Tree-size complexity of multiqubit states

TL;DR

This paper investigates the tree size complexity of multiqubit quantum states, providing explicit characterizations of states with superpolynomial complexity and analyzing the complexity of matrix-product states.

Contribution

It improves upon previous results by explicitly characterizing states with superpolynomial complexity and analyzing the complexity of matrix-product states.

Findings

States with superpolynomial complexity have explicit characterizations.

Matrix-product states with tensors of dimension D have polynomial complexity.
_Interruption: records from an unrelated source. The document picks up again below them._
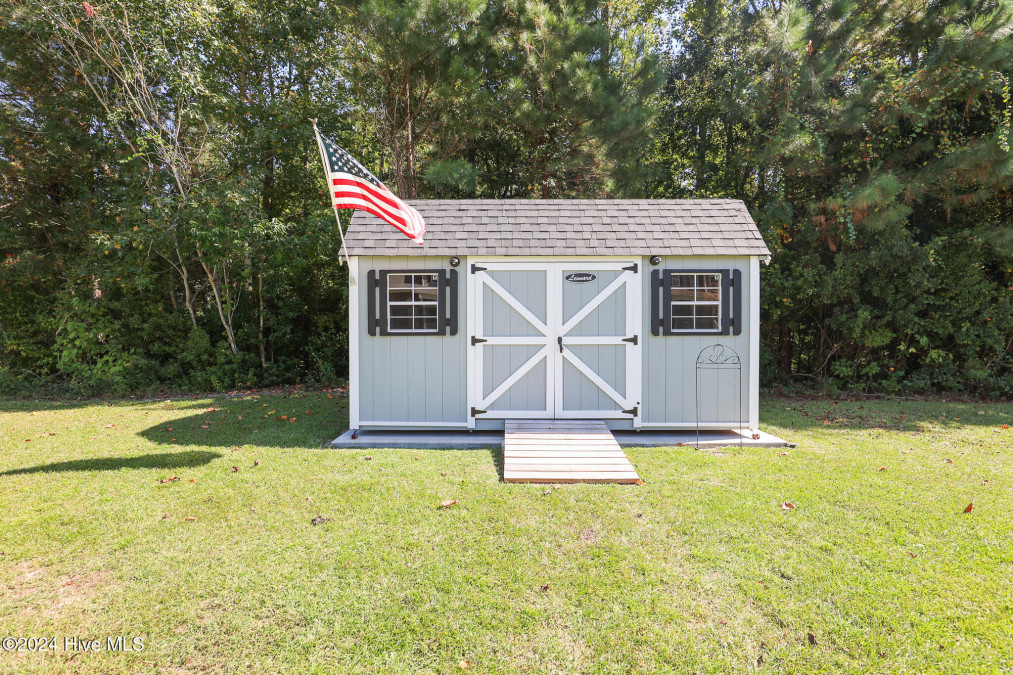 101 Brogdan Ln Jacksonville, NC 28540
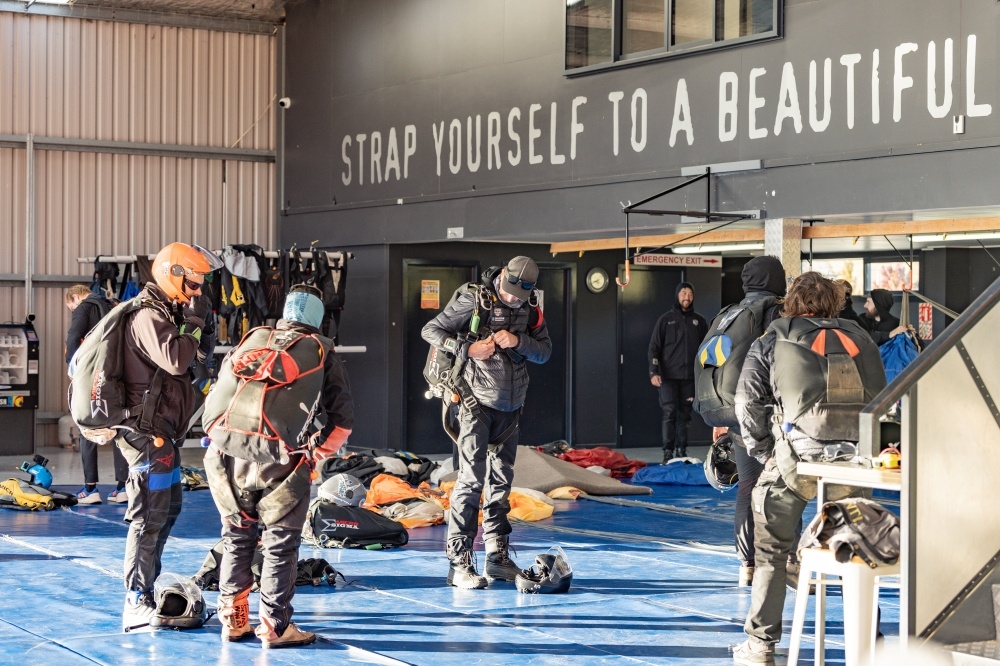 紐西蘭南島/瓦納卡.跳傘體驗「Skydive Wanaka」完整記錄 | 從 15,000英尺高空俯瞰南島絕美冰河湖景、收藏極限冒險的終極感動、完成人生清單 - 第35張圖 紐西蘭南島/瓦納卡.跳傘體驗「Skydive Wanaka」完整記錄 | 從 15,000英尺高空俯瞰南島絕美冰河湖景、收藏極限冒險的終極感動、完成人生清單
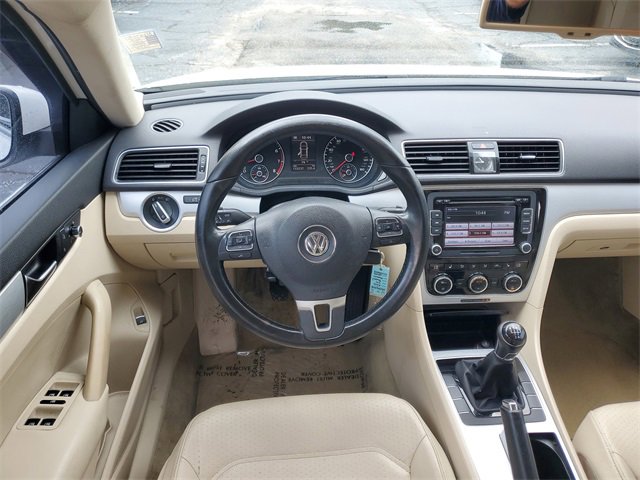 Used 2012 Volkswagen Passat 2.5 SE image 22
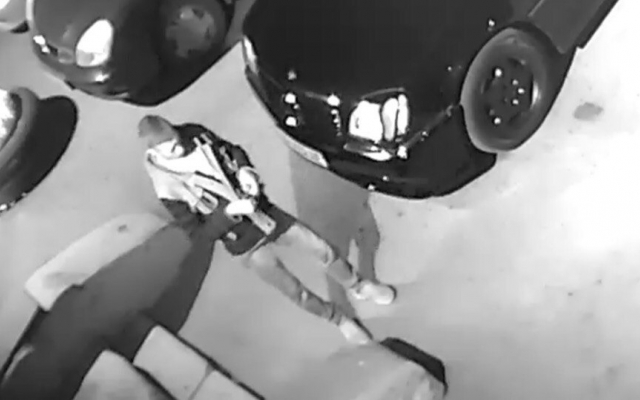 Житель Запорожья просит помочь опознать автомобильного вора (ВИДЕО) Фото № 1 Житель Запорожья просит помочь опознать автомобильного вора (ВИДЕО) Фото № 1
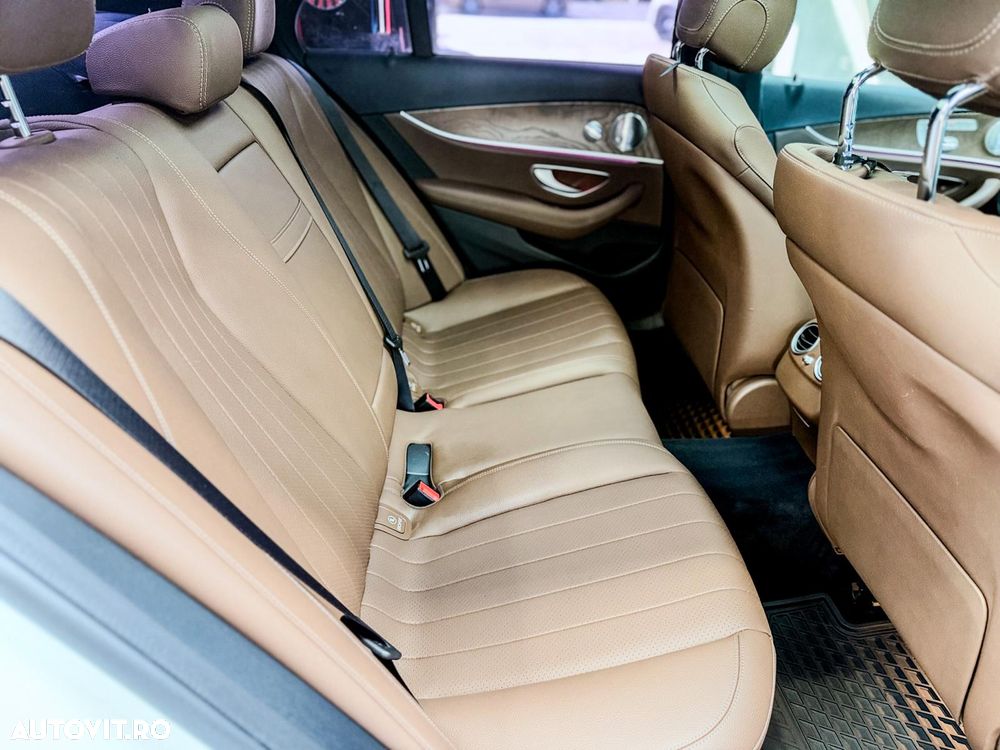 Mercedes-Benz E 300 9G-TRONIC AMG Line - 22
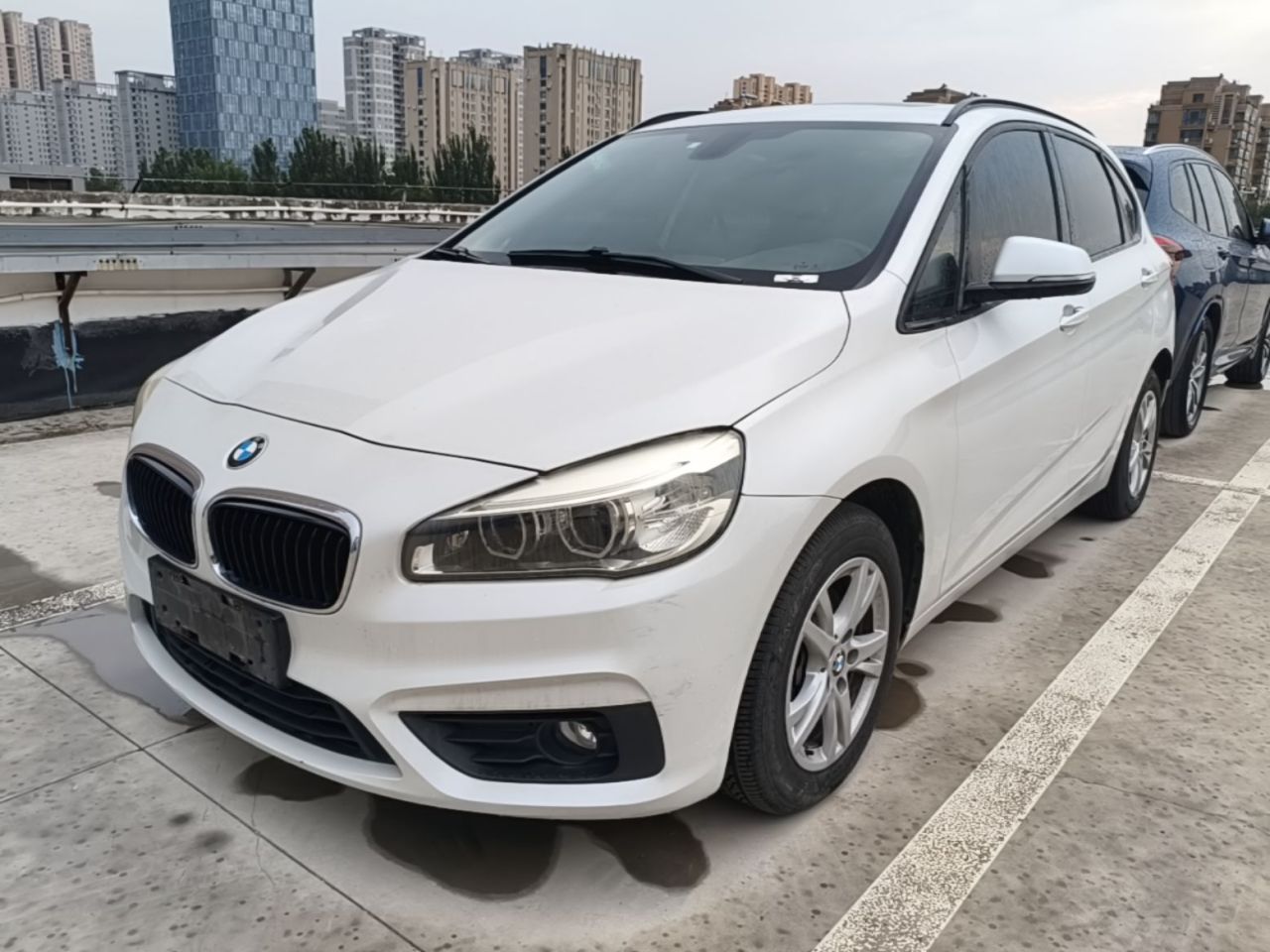 2 Series Wagon 2016 218i Leading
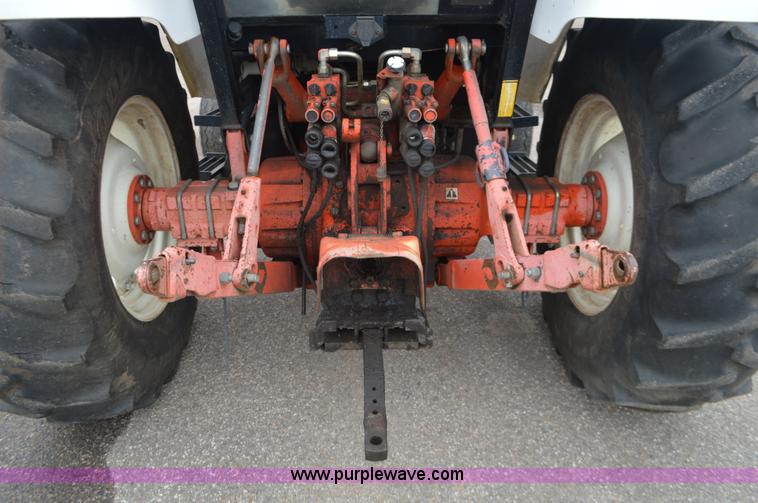 image for item L6392 1997 Ford New Holland 6640SL tractor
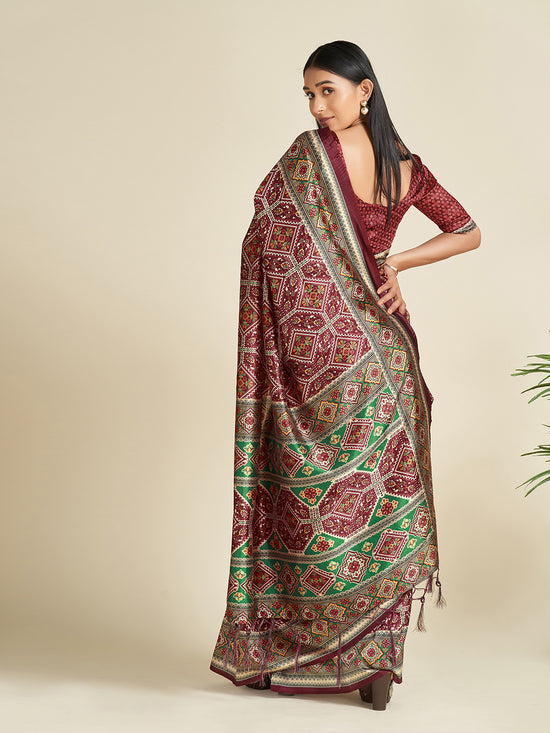 Sareemall Brown Solid Women Saree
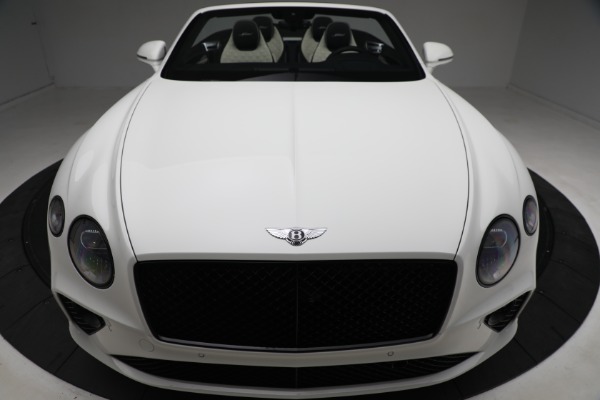 Used 2022 Bentley Continental GTC Speed for sale $327,900 at Bugatti of Greenwich in Greenwich CT 06830 21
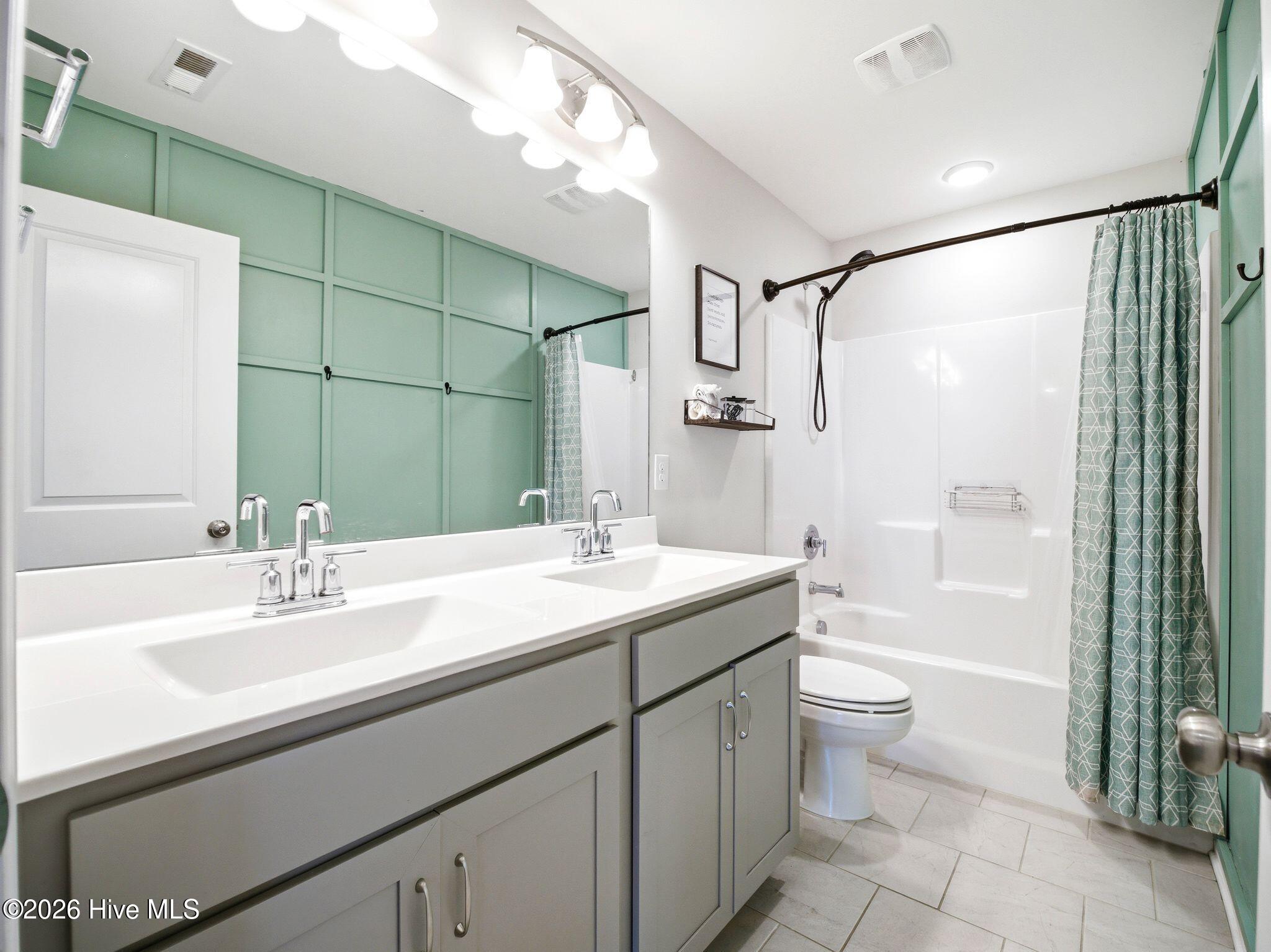 100569792 | Photo 42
Complexity bounds are established for different classes of multiqubit states.

Abstract

Complexity is often invoked alongside size and mass as a characteristic of macroscopic quantum objects. In 2004, Aaronson introduced the \textit{tree size} (TS) as a computable measure of complexity and studied its basic properties. In this paper, we improve and expand on those initial results. In particular, we give explicit characterizations of a family of states with superpolynomial complexity $n^{\Omega(\log n)}= \mathrm{TS} =O(\sqrt{n}!)$ in the number of qubits $n$; and we show that any matrix-product state whose tensors are of dimension $D\times D$ has polynomial complexity $\mathrm{TS}=O(n^{\log_2 2D})$.